Point to note: Values greater than 100,000,000 will be fixed at 100,000,000 otherwise the negative logarithmic value will become negative.

In [None]:
df_combined.standard_value.describe()

In [None]:
-np.log10( (10**-9)* 100000000 )

In [None]:
-np.log10( (10**-9)* 10000000000 )

We will first apply the norm_value() function so that the values in the standard_value column is normalized.

In [None]:

def norm_value(input):
    norm = []

    for i in input['standard_value']:
        if i > 100000000:
          i = 100000000
        norm.append(i)

    input['standard_value_norm'] = norm
    x = input.drop('standard_value', axis=1)

    return x

In [None]:
df_norm = norm_value(df_combined)
df_norm

In [None]:
df_norm.standard_value_norm.describe()

In [None]:
df_final = pIC50(df_norm)
df_final

In [None]:
df_final.to_csv('MMP13_pIC50.csv')

In [None]:
from google.colab import files
files.download('MMP13_pIC50.csv')

In [None]:
df_final.pIC50.describe()

## **Exploratory Data Analysis (Chemical Space Analysis) via Lipinski descriptors**

### **Import library**

In [None]:
df_final=pd.read_csv('MMP13_pIC50_cleaned.csv')

In [None]:
df_final

In [None]:
import seaborn as sns
sns.set(style='ticks')
import matplotlib.pyplot as plt

### **Frequency plot of the 2 bioactivity classes**

In [None]:
plt.figure(figsize=(6.5, 6.5))
order = ['active','inactive']

# Set the order of the bars

sns.countplot(x='bioactivity_class', data=df_final, edgecolor='black', order=order, hue='bioactivity_class')

plt.xlabel('bioactivity_class', fontsize=14, fontweight='bold')
plt.ylabel('Frequency', fontsize=14, fontweight='bold')

plt.savefig('plot_bioactivity_class.pdf')
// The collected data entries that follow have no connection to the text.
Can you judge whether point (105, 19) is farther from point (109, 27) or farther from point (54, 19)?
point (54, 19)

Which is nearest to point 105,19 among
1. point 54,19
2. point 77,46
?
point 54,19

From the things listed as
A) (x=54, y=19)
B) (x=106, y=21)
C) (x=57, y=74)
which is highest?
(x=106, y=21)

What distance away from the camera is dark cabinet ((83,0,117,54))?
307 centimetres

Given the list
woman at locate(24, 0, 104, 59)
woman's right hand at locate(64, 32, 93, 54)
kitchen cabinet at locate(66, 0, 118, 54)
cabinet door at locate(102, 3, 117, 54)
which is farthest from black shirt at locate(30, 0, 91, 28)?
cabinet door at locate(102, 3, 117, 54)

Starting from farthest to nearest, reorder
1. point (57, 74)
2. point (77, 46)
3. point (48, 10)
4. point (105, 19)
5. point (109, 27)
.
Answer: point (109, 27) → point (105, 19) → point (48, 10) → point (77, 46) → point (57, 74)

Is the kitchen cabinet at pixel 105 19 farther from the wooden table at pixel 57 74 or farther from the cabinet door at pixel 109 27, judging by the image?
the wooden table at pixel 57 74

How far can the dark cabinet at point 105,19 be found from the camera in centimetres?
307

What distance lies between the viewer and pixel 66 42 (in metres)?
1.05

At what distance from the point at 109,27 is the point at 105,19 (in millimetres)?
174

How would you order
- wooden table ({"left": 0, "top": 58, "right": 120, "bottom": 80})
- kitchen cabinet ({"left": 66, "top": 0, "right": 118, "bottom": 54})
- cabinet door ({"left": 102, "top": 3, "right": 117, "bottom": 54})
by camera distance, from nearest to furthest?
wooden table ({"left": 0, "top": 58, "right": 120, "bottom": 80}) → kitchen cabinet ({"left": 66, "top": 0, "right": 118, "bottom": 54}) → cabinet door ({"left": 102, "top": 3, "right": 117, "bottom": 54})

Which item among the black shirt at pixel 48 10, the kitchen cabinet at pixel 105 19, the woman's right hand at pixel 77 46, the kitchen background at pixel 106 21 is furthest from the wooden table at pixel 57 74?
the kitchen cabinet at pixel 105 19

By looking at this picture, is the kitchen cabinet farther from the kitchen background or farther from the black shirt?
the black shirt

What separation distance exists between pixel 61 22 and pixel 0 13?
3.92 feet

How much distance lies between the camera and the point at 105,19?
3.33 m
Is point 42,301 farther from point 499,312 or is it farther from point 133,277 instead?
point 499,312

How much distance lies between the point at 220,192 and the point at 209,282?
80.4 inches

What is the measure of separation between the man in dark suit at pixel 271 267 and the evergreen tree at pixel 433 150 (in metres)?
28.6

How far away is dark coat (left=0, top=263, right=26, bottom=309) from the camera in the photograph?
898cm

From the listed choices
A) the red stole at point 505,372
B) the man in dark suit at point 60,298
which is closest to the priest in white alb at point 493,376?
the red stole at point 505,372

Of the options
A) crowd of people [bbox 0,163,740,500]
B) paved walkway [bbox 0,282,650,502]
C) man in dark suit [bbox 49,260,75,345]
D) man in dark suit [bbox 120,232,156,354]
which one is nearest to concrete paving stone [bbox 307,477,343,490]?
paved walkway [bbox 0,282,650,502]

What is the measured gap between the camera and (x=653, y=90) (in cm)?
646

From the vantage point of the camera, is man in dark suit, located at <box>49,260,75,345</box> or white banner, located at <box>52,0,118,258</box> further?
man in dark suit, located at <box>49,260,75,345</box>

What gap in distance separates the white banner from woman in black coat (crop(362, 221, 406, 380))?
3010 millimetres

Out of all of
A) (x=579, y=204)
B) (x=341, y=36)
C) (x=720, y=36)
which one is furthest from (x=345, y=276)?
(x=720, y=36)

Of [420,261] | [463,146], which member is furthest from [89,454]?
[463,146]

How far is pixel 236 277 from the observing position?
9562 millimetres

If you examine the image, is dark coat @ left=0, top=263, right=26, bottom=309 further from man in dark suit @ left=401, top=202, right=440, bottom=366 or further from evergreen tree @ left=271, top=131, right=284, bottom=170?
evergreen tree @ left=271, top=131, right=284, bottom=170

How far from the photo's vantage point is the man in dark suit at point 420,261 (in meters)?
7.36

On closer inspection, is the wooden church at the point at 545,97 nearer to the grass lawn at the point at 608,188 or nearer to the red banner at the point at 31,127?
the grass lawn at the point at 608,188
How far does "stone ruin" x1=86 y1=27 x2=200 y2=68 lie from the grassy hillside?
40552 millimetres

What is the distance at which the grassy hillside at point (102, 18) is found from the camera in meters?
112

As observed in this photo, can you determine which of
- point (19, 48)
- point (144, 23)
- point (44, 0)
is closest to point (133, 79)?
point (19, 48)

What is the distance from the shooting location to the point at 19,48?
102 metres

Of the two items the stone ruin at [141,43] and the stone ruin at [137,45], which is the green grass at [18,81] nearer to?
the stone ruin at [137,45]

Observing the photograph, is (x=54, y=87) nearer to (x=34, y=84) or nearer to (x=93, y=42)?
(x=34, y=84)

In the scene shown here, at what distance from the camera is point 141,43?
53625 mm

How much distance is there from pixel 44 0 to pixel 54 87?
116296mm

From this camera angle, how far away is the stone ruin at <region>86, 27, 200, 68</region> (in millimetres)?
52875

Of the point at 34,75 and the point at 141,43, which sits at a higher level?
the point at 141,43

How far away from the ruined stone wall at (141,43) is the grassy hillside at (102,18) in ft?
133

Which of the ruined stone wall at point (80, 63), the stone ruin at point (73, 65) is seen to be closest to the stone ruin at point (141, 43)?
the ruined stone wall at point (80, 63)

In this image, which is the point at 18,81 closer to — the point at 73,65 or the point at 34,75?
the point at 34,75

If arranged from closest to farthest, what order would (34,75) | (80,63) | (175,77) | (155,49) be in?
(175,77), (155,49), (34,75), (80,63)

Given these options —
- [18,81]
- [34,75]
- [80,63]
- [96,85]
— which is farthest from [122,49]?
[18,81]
### **Scatter plot of MW versus LogP**

It can be seen that the 2 bioactivity classes are spanning similar chemical spaces as evident by the scatter plot of MW vs LogP.

In [None]:
plt.figure(figsize=(5.5, 5.5))

sns.scatterplot(x='MW', y='LogP', data=df_final, hue='bioactivity_class', size='pIC50', edgecolor='black', alpha=0.5)
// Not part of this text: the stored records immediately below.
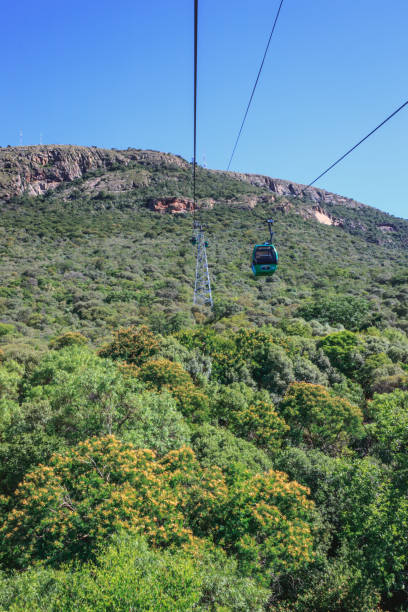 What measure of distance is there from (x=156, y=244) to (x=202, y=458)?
68.9 metres

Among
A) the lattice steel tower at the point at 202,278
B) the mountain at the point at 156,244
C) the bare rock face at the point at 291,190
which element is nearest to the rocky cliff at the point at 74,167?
the mountain at the point at 156,244

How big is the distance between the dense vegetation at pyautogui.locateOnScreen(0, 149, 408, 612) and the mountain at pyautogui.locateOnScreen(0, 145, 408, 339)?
3.17 ft

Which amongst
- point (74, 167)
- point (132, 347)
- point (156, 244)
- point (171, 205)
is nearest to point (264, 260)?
point (132, 347)

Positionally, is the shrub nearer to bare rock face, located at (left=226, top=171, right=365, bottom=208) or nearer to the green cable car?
the green cable car

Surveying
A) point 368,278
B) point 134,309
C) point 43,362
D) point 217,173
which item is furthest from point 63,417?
point 217,173

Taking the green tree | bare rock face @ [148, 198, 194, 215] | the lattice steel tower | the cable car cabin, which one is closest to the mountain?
bare rock face @ [148, 198, 194, 215]

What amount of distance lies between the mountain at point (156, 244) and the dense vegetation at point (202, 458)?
97cm

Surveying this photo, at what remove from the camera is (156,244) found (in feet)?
274

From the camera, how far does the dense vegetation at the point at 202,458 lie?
39.8 feet

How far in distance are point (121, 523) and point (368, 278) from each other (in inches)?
2848

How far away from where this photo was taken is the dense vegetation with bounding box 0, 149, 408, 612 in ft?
39.8

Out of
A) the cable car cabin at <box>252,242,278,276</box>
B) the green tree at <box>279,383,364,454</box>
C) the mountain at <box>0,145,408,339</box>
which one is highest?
the mountain at <box>0,145,408,339</box>

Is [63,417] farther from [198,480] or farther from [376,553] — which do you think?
[376,553]

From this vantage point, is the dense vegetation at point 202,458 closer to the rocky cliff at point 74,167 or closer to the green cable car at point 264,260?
the green cable car at point 264,260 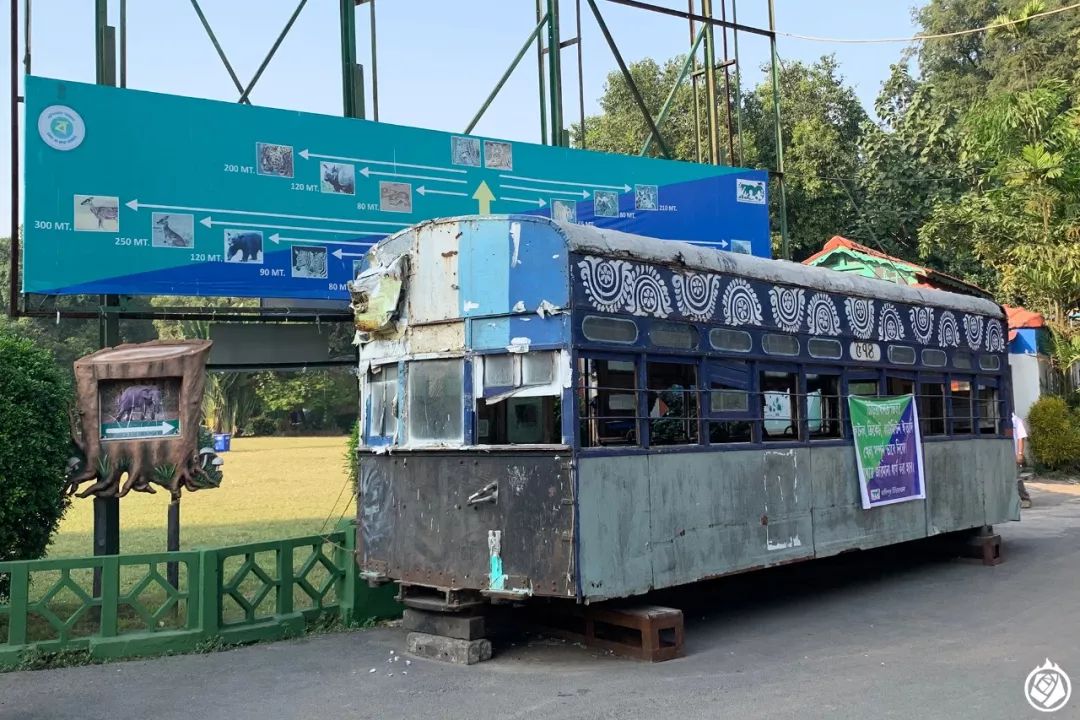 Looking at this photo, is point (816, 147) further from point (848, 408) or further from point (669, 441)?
point (669, 441)

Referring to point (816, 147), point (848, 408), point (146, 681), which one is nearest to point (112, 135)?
point (146, 681)

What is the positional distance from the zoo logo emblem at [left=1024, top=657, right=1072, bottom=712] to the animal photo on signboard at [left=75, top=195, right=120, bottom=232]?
8393 millimetres

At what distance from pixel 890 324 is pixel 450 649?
580cm

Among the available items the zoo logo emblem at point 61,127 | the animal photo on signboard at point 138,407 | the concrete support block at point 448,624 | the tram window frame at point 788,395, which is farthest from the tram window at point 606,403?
the zoo logo emblem at point 61,127

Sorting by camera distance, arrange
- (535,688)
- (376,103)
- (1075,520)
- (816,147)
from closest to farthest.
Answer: (535,688) < (376,103) < (1075,520) < (816,147)

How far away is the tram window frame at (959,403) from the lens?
11125 mm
plt.xlabel('MW', fontsize=14, fontweight='bold')
plt.ylabel('LogP', fontsize=14, fontweight='bold')
plt.legend(bbox_to_anchor=(1.05, 1), loc=2, borderaxespad=0)
plt.savefig('plot_MW_vs_LogP.pdf')

### **Box plots**

#### **pIC50 value**

In [None]:
plt.figure(figsize=(5.5, 5.5))

sns.boxplot(x = 'bioactivity_class', y = 'pIC50', data = df_final, hue='bioactivity_class')

plt.xlabel('Bioactivity class', fontsize=14, fontweight='bold')
plt.ylabel('pIC50 value', fontsize=14, fontweight='bold')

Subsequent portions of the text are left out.